As a result, these ideas on gender have to be seen in a historical context – which is now quite different – during which debates on gender equality were almost absent from international politics. This androcentric model of thinking persists and still marks the implementation of the Geneva Convention today. Therefore, it is necessary to reinterpret it in the light of current circumstances, as a restrictive interpretation might render it obsolete.
Today, it is also possible to establish that the negation of women’s experiences in the Convention is a direct consequence of the division between the public sphere, attributed to men, and the private sphere, attributed to women. Many feminist critics have pointed out that “liberal rights discourses” have exacerbated this division between the public and private spheres as they have neglected essential parts of women’s lives and discrimination in the home, thus hindering the possibility of adequately protecting them.
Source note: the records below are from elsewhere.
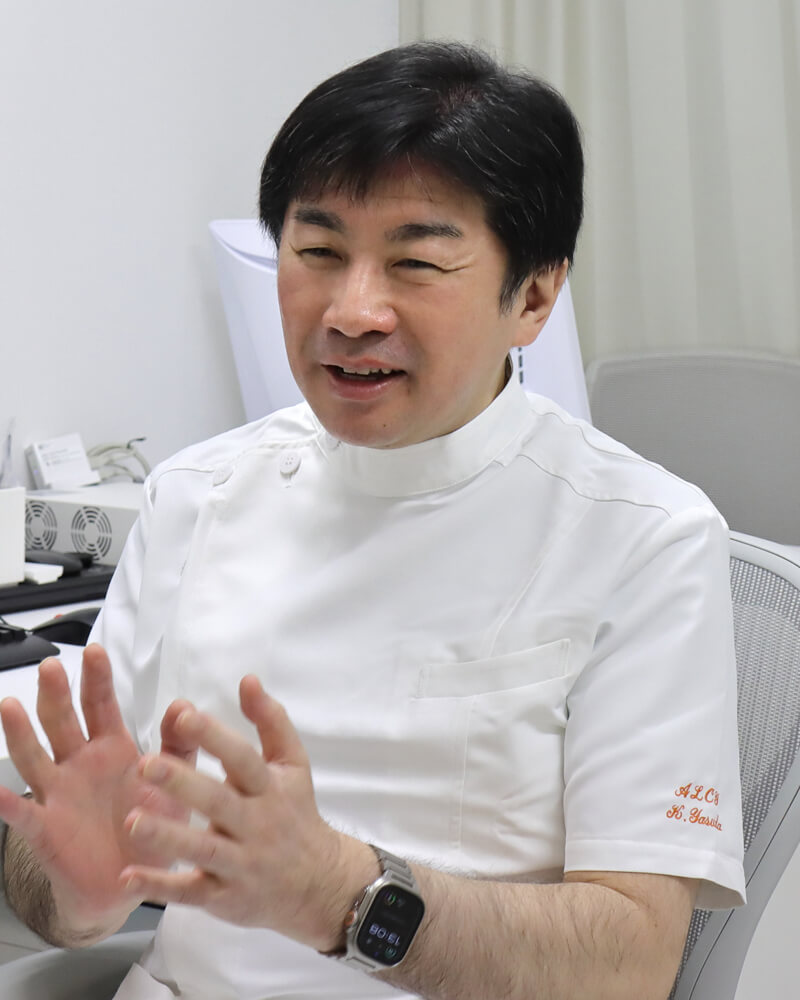 不妊治療の選択肢と、早期相談の価値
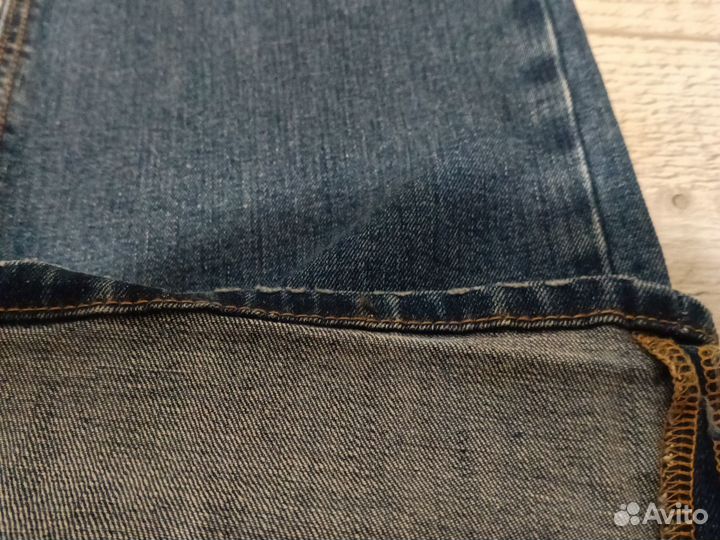 Джинсы мужские новые 32-32 Colin's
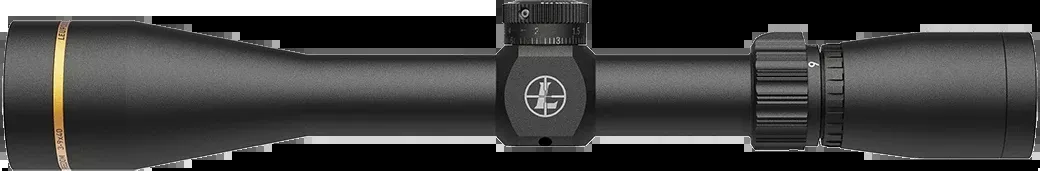 Leupold VX-Freedom 3-9x40mm 450 Bushmaster Duplex Reticle 1" Tube Matte Black Riflescope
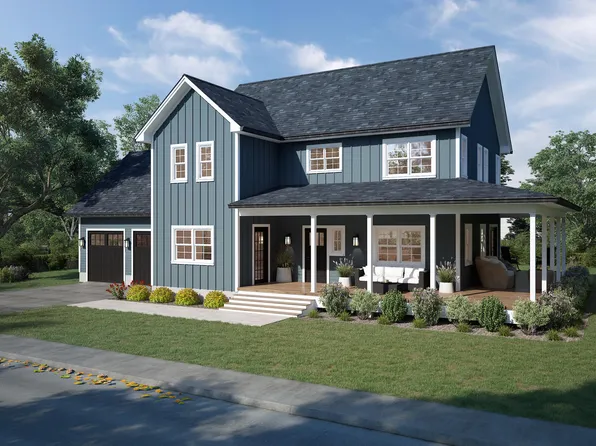 Lot 12 Meadow View Drive, Readfield, ME 04355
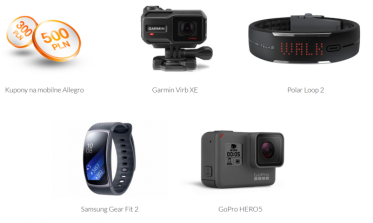 Konkurs "Kręć Kilometry 2017" edycja VI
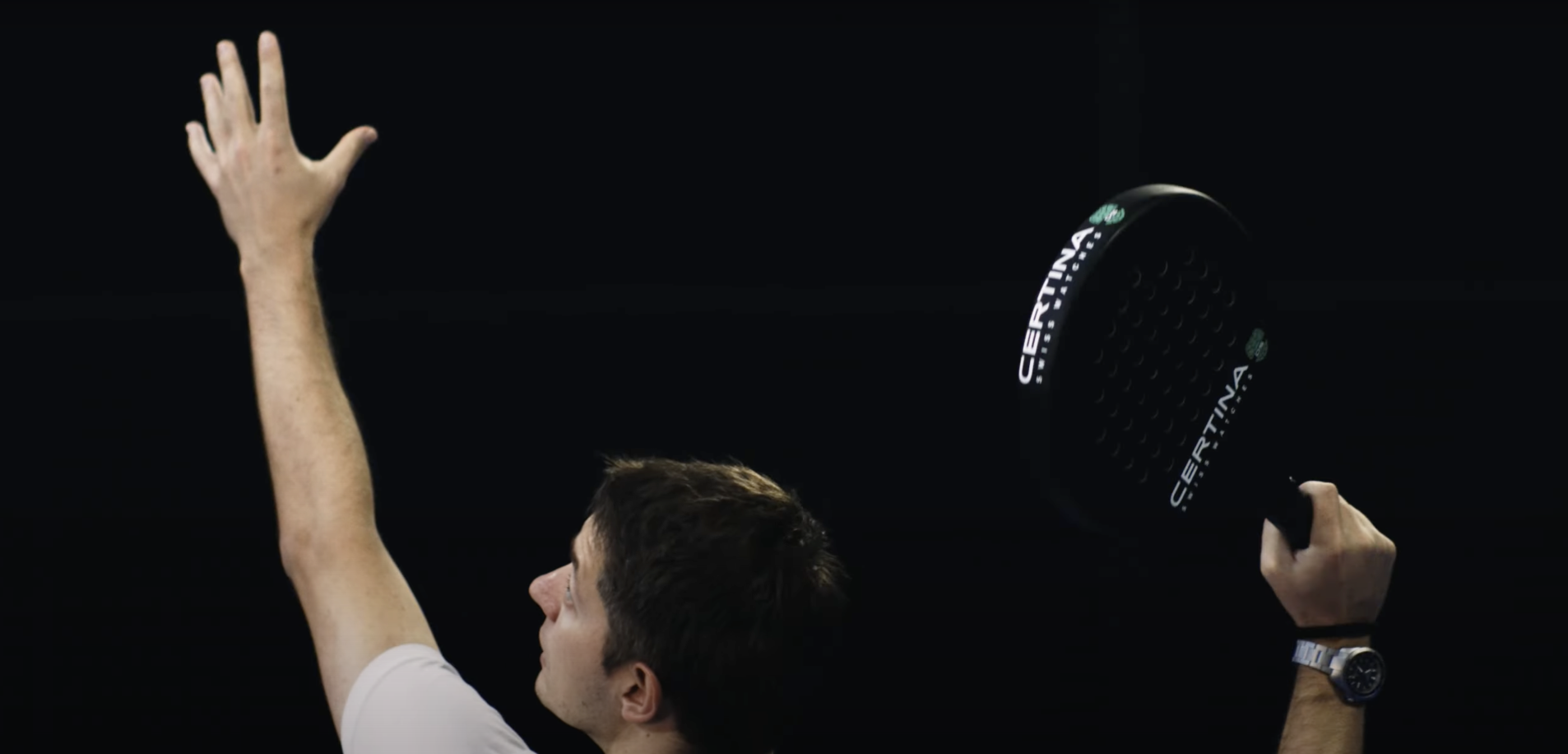 Certina – DS Concept – Padel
In this regard, EU Member States have long refused to grant international protection to asylum seekers for persecution not carried out by state agents because this falls outside the scope of the Geneva Convention, thus excluding many women’s experiences of persecution.
It was only with the 2004 EU Directive that it was established that non-state agents could also be the perpetrators of persecution. This directive instructed the governments of the various member states to take account of persecution in the private sphere in the context of Article 6. Therefore, it is only a short time since European countries recognized that private actors could also commit the persecutions mentioned in the Convention. However, some governments persist in adopting a narrow interpretation of these guidelines and force asylum seekers to prove that not only do they have a well-founded fear of persecution but that they cannot rely on protection by the state authorities in their country of origin.
This is one of the factors that explains why the public-private divide in the interpretation of the Convention is an underlying problem, which undermines the gender neutrality of the Convention and results in the creation of circumstances in which the activities of women and what has been done to them fall outside the scope of refugee law.
Many women experiencing domestic violence have been denied refugee status when they could not count on any support or protection from the authorities in their country of origin. This illustrates that such abuse committed in the domestic sphere by private actors is recognized as less severe than other forms of persecution committed in the public sphere. As a result, according to this interpretation, domestic and sexual violence is seen as a ‘normality’ that structures gender relations and is not a ground for asylum.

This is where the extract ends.